# Black Library New Releases



## Jacobite (Jan 26, 2007)

Hey all.

Just wondering what New Releases/Soon To Be Released BL books your thinking of getting.

Lists is below

http://www.blacklibrary.com/comingsoon.asp

For me I am defintly going to get:

The Inquistition
The Imperial Munitorum Manual
HH: Descent of Angels
HH: Legion

I love Background books and own most of the ones BL has releases so those 2 first ones are probably going on Pre-Order. As for HH - well its HH - what more needs to be said. 

I would love to buy Only In Death but I havn't read His Last Command or The Armour Of Contempt. I'm waiting out for The Lost sequence Omibus  .

Desert Raiders looks quite interesting as well.

What about you guys?


----------



## Anphicar (Dec 31, 2006)

I'm waiting for the armour of contempt to come in...paperback,i think? 

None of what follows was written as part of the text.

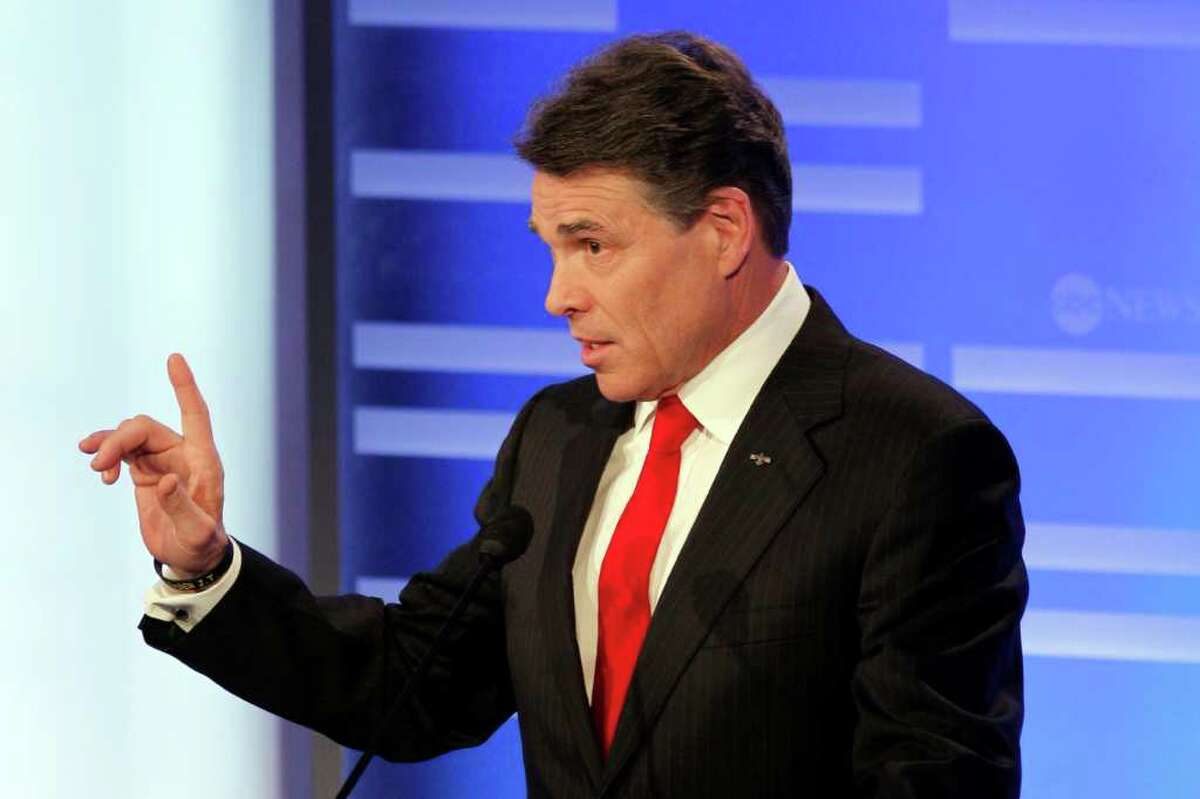 Texas Gov. Rick Perry answers a question during a Republican presidential candidate debate at Saint Anselm College in Manchester, N.H., Saturday, Jan. 7, 2012. (AP Photo/Elise Amendola)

Or show up in my local Borders.


----------



## Jacobite (Jan 26, 2007)

Should be out in about Nov I think. So call it early December for you in the States.


----------



## Firewolf (Jan 22, 2007)

>> Jusr read extract from Dark Apostle. Could be good. Not read much about Word Bearers.


----------



## Jacobite (Jan 26, 2007)

Their not covered too much are they. Horus Heresy is basically the only other place I've read about them and even then it an't a huge amount just Erebus.

I havn't read Reynolds other book but that might be worth a look purely for the subject matter.


----------



## Firewolf (Jan 22, 2007)

>> Yeah. Be good to find out more about them than what makes Erubus tick.


----------



## Firewolf (Jan 22, 2007)

>> Will have to buy Wolfs Honour when it released. Hope Lightner makes abetter job of it than sons of fenris. Not that great imho.


----------